The Technical Report is titled "Maiden Mineral Resources Estimate on the El Dorado Monserrat Property, Gold and Silver Project Santa Cruz Province, Argentina" with an effective date of November 8, 2024, and was prepared by Mr. Mario Alfaro Cortés, Qualified Person (QP) as defined by Canadian National Instrument 43-101, Chilean Mining
Commission; and Mr. Ganem Fernando, Qualified Person (QP) as defined by Canadian National Instrument 43-101, member of the American Institute of Professional Geologists.
Consolidation of the Common Shares:
The Board of directors of the Company has approved a share consolidation at a ratio of five pre-consolidated common shares in the capital of the Company for each one post-consolidation Common Share. Shareholders of the Company approved a resolution authorizing the Board to proceed with the Consolidation at a special meeting of shareholders held on October 23, 2024. The effect of this consolidation has been reflected in this MD&A.
Option Grant:
On December 24, 2024, the Company announced that it has granted 1,020,000 stock options to directors, officers and non-officers.
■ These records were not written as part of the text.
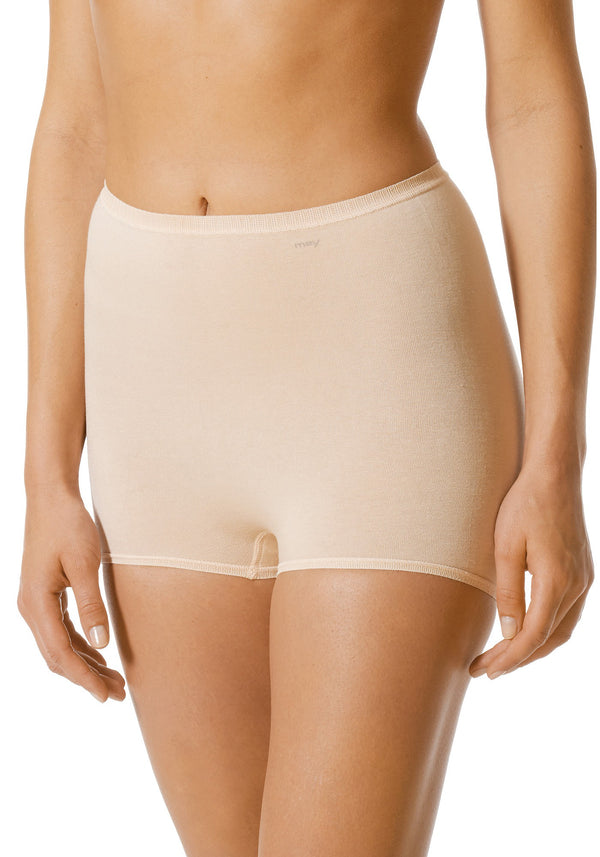 Mey Only Lycra Boxer Pants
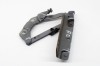 Balama capota dreapta față LAND ROVER RANGE ROVER EVOQUE L538 2014 OEM: 6H52-16800-AC | 11451334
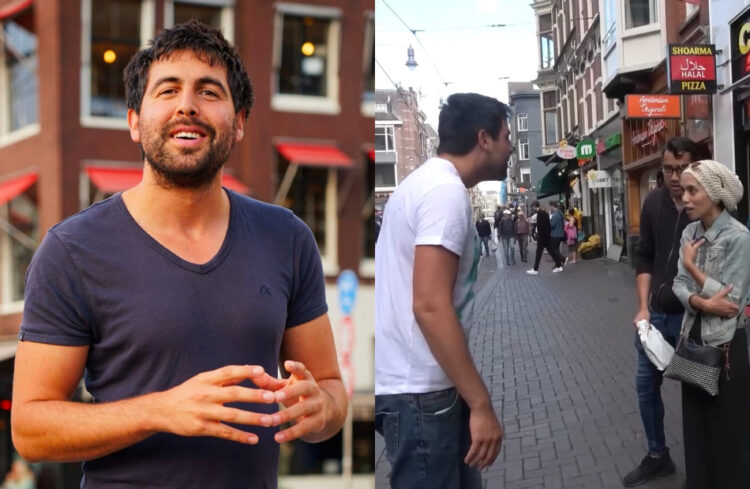 SOURCE: FACEBOOK/WOUTERCORDUWENERLANGUAGES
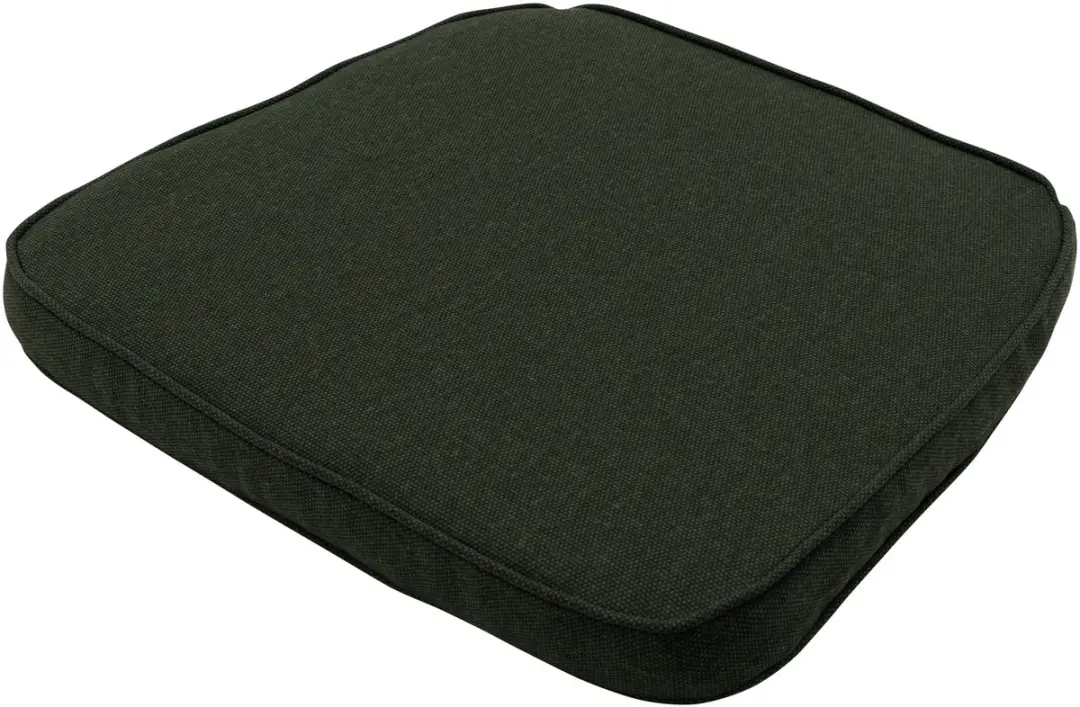 Madison Wicker Universeel Kussen 48x48cm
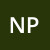 neuza-pacheco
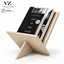 Calma Book Stand [VZ] logo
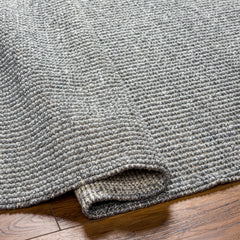 Maki Area Rug - Clearance - Ornate Home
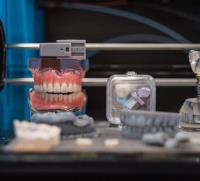Katy Dentist | Smile Avenue Family Dentistry image 8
Each Option is exercisable to purchase one common share of the Company at a price of $0.40 per Common Share, representing a significant premium to the market price of the Common Shares on the TSX Venture Exchange, for a period five years from the grant date.
The Options have been granted in accordance with the terms of the Company's stock option plan and have been granted to the directors and offices in lieu of accrued cash amounts payable for compensation for acting in those positions.